RUSSIA
Pavel Sulyandziga (Russian: Павел Васильевич Суляндзига) is Russian indigenous peoples rights activist of Udege nationality.
He was a teacher of mathematics at the Math and Physics Department of the Khabarovsk State Pedagogical Institute in Khabarovsk City and a Legislative Faculty at the University of Marx-Lenin in Vladivostok City. With a PhD in Economic Science, he also served as Honorary Professor and UNESCO Faculty at the Novosibirsk State University in Russia. He served as Associate Researcher at the Bowdoin College in Maine, USA.
He was a member of the United Nations Working Group on Business and Human Rights, tasked with the promotion of the UN Guiding Principles on Business and Human Rights. He was a former member of the Public Chamber of Russia.

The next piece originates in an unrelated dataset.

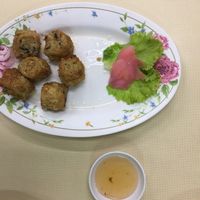 Vegan crab cakes at Sutunthip Vegetarian Food in Bangkok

Until 2010, he was the first vice-president of the Russian Association of Indigenous Peoples of the North (RAIPON), and member of the United Nations Permanent Forum on Indigenous Issues. He is now the president of the International Indigenous Fund for Development and Solidarity (“Batani”) based in Maine, USA.
During the late 1980s, Pavel Sulyandziga lived in the village of Krasny Yar, where he was successful in mobilizing the population against the administration’s plans to grant timber harvesting licenses to a Soviet-Korean joint venture led by Hyundai. Since then, he has remained one of the most outspoken indigenous rights activists in the Russian Federation.